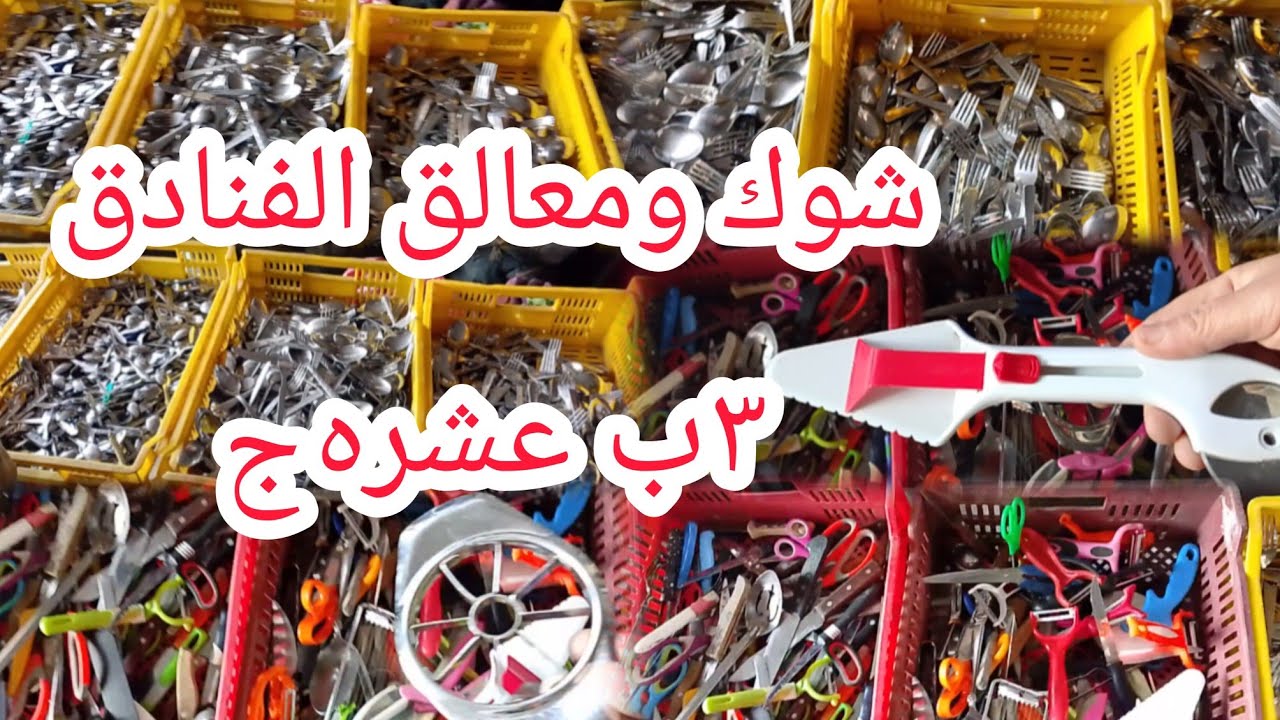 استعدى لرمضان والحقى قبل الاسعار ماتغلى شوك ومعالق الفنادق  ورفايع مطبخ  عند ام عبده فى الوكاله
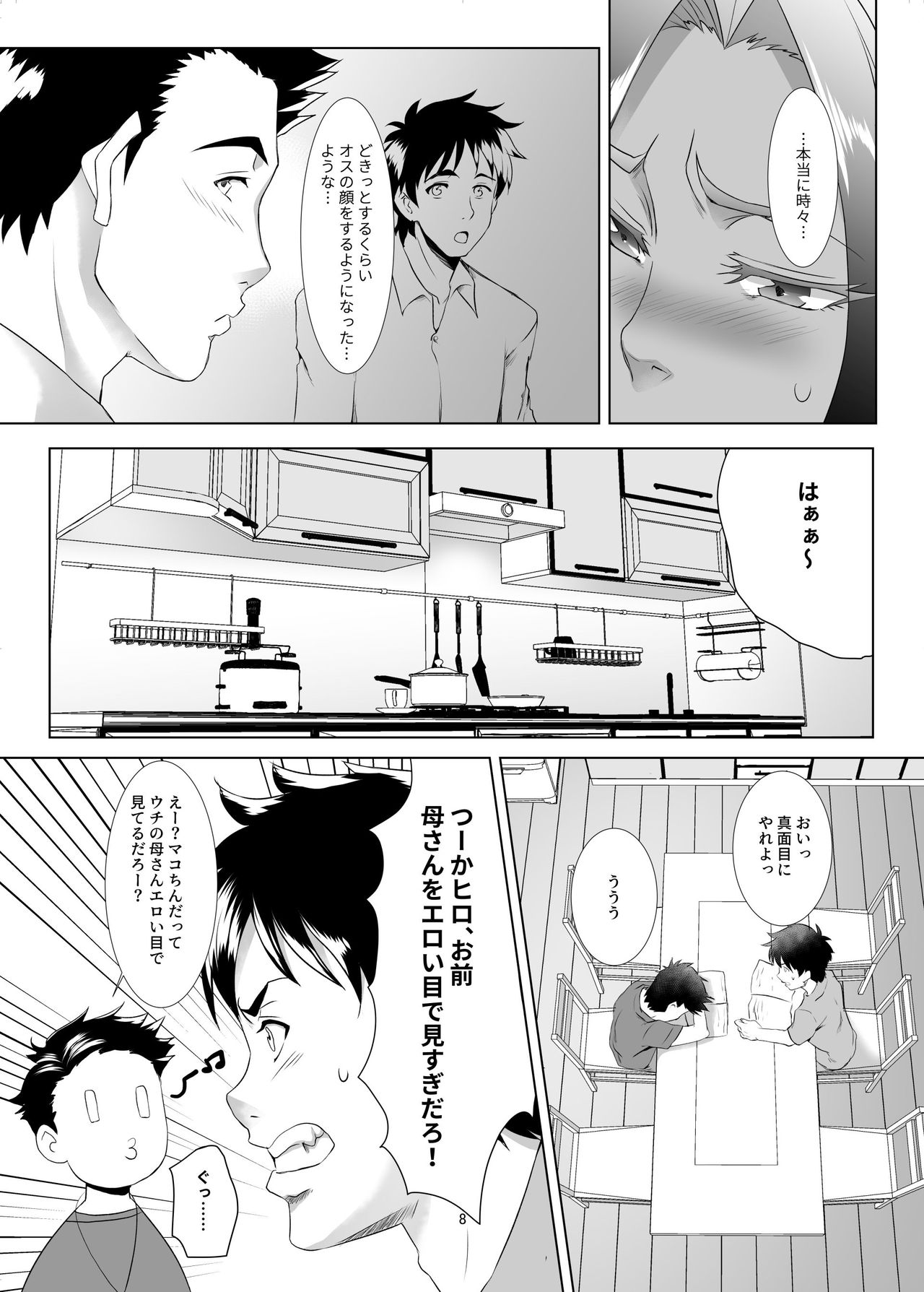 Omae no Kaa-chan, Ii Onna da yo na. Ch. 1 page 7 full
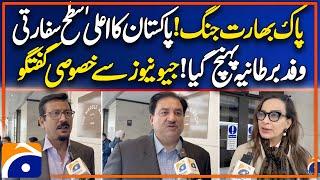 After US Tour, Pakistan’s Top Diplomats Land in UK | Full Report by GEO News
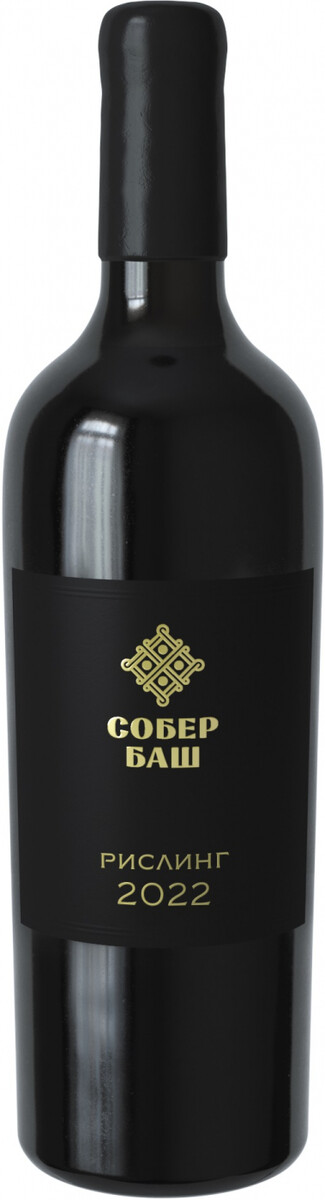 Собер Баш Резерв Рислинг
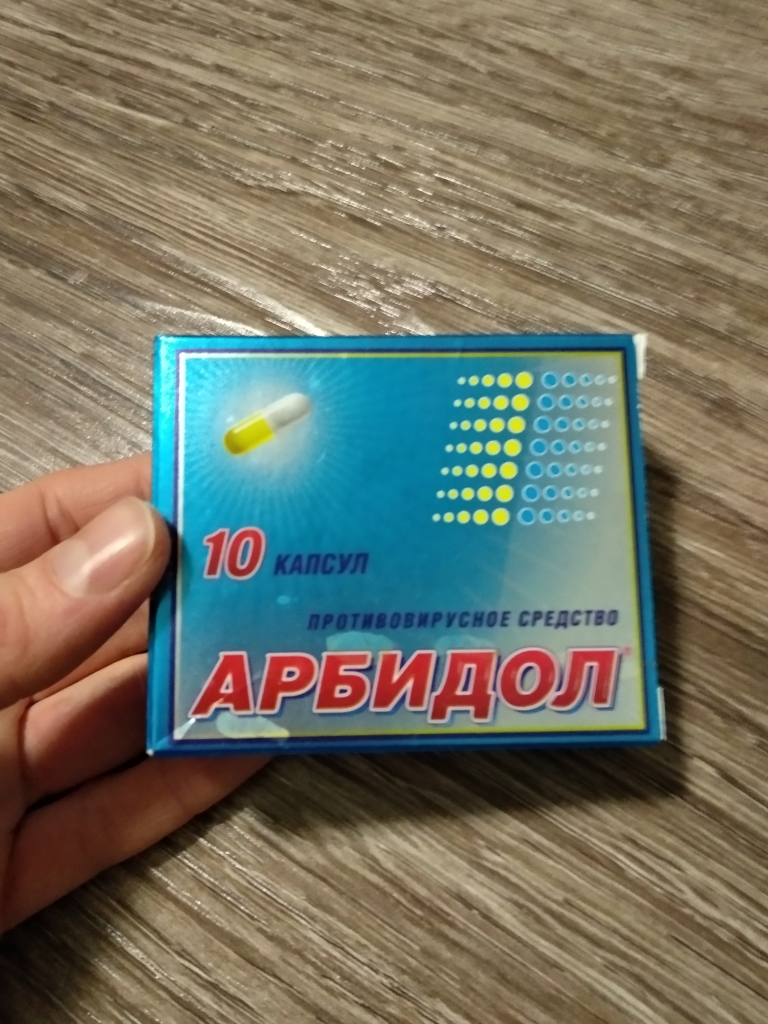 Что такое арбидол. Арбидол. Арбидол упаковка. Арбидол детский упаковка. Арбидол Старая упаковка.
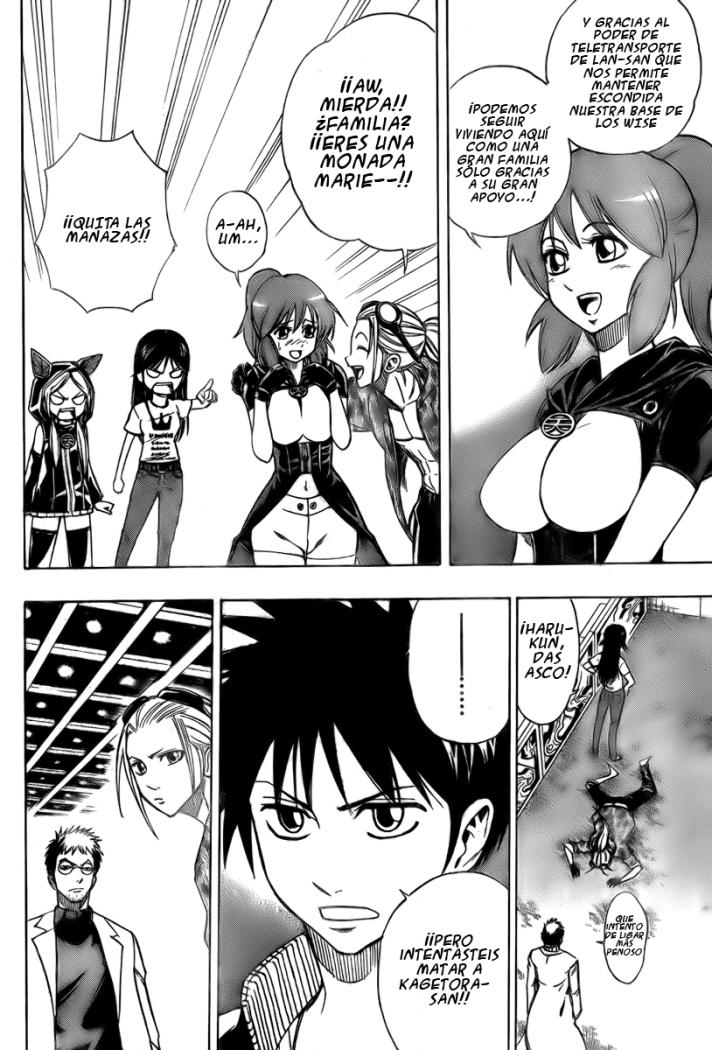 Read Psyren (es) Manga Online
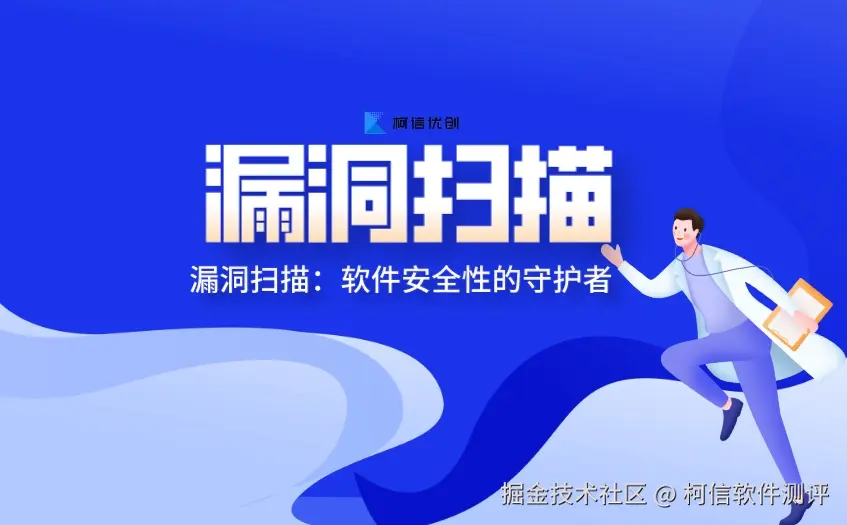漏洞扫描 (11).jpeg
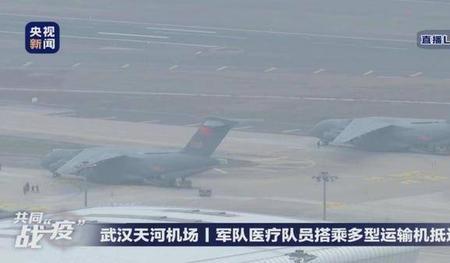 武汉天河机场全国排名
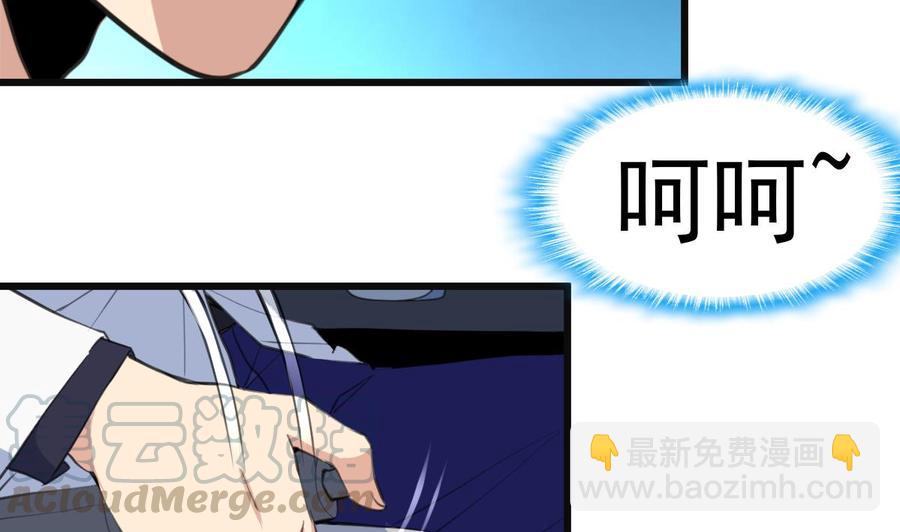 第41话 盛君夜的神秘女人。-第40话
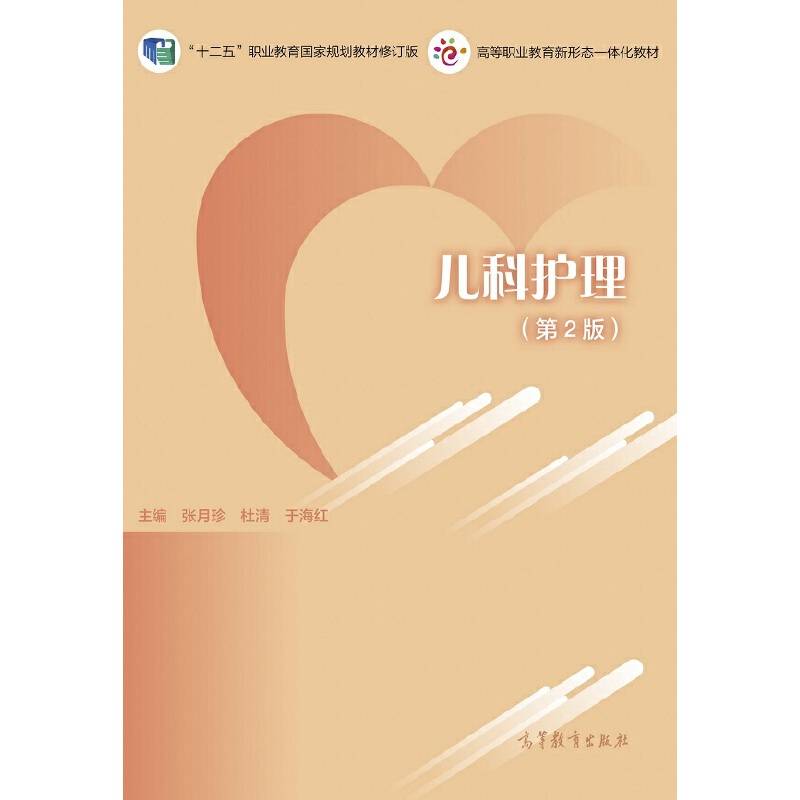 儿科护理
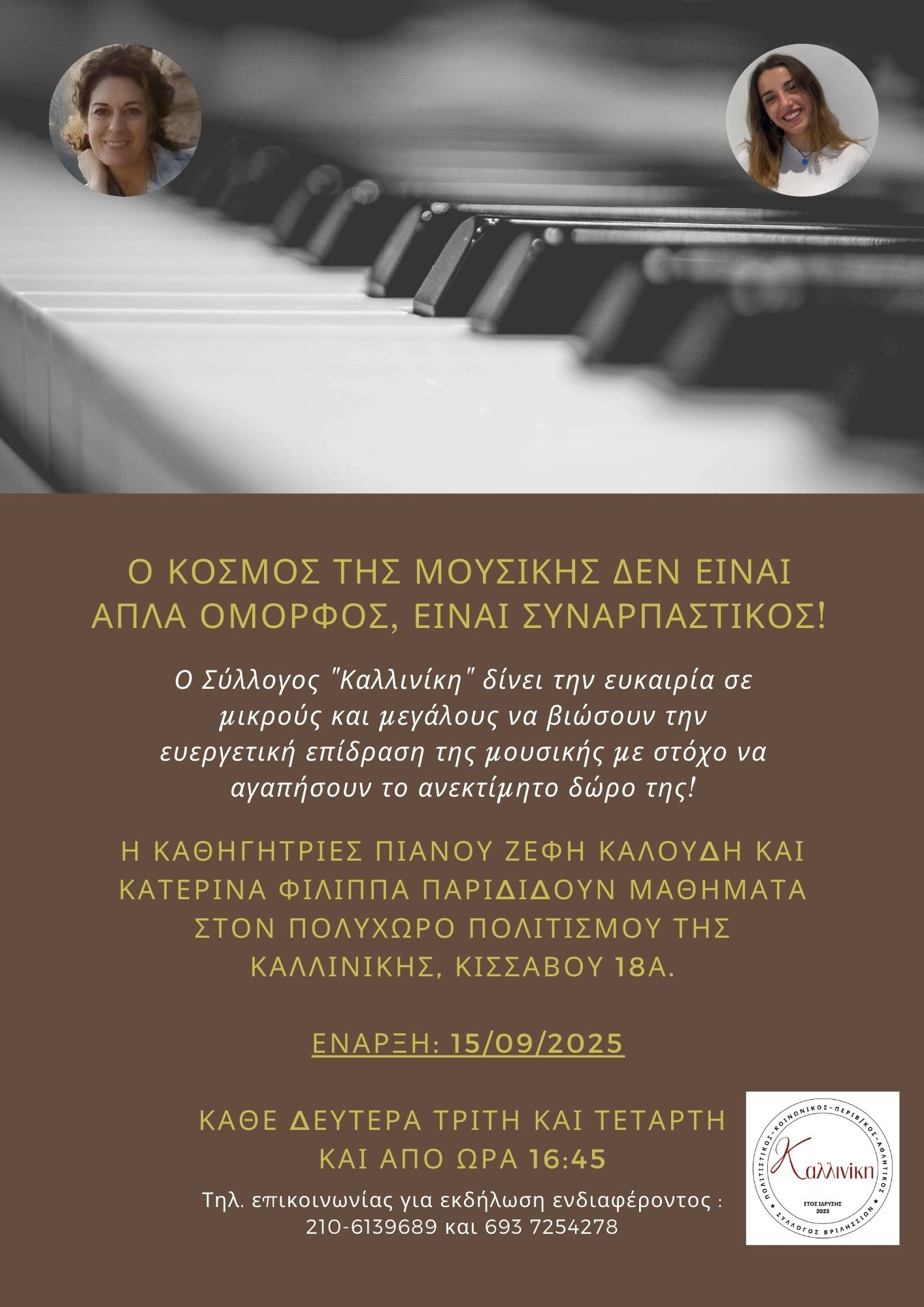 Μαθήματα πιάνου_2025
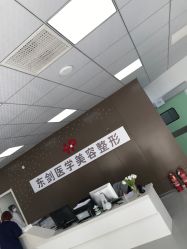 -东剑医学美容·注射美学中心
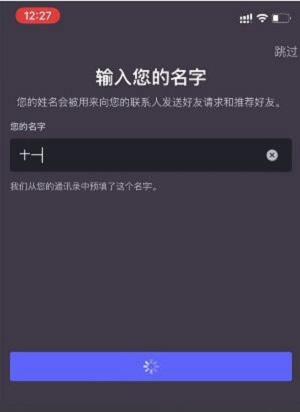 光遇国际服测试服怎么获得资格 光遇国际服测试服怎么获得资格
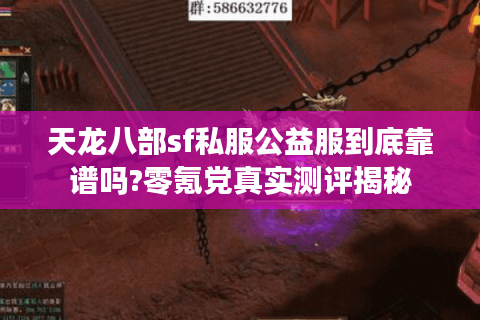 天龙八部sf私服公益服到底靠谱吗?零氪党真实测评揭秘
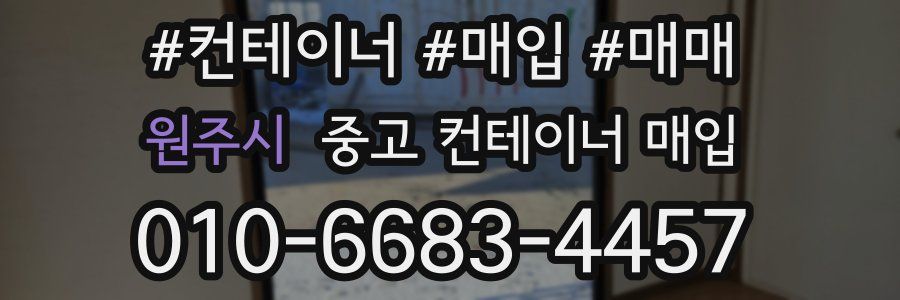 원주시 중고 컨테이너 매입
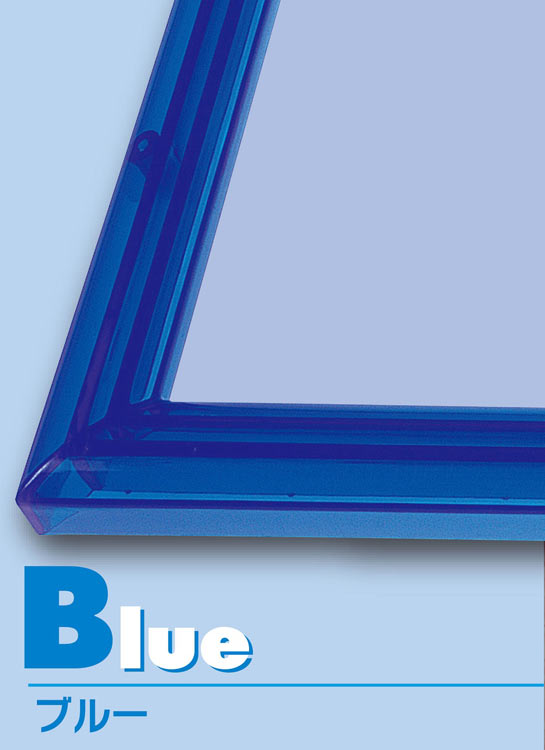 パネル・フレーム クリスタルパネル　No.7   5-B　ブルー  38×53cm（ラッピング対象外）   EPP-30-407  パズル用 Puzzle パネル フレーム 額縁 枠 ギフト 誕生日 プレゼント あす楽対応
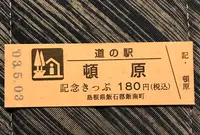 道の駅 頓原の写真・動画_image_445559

|---|

__BRIEF__:
Take only the lines above from the one that has "漏洞扫描 (11).jpeg" through the one that has "誕生日 プレゼント あす楽対応" and reproduce them exactly, omitting any pictures.

__ANSWER BOX__:
漏洞扫描 (11).jpeg
 武汉天河机场全国排名
 第41话 盛君夜的神秘女人。-第40话
 儿科护理
 Μαθήματα πιάνου_2025
 -东剑医学美容·注射美学中心
 光遇国际服测试服怎么获得资格 光遇国际服测试服怎么获得资格
 天龙八部sf私服公益服到底靠谱吗?零氪党真实测评揭秘
 원주시 중고 컨테이너 매입
 パネル・フレーム クリスタルパネル　No.7   5-B　ブルー  38×53cm（ラッピング対象外）   EPP-30-407  パズル用 Puzzle パネル フレーム 額縁 枠 ギフト 誕生日 プレゼント あす楽対応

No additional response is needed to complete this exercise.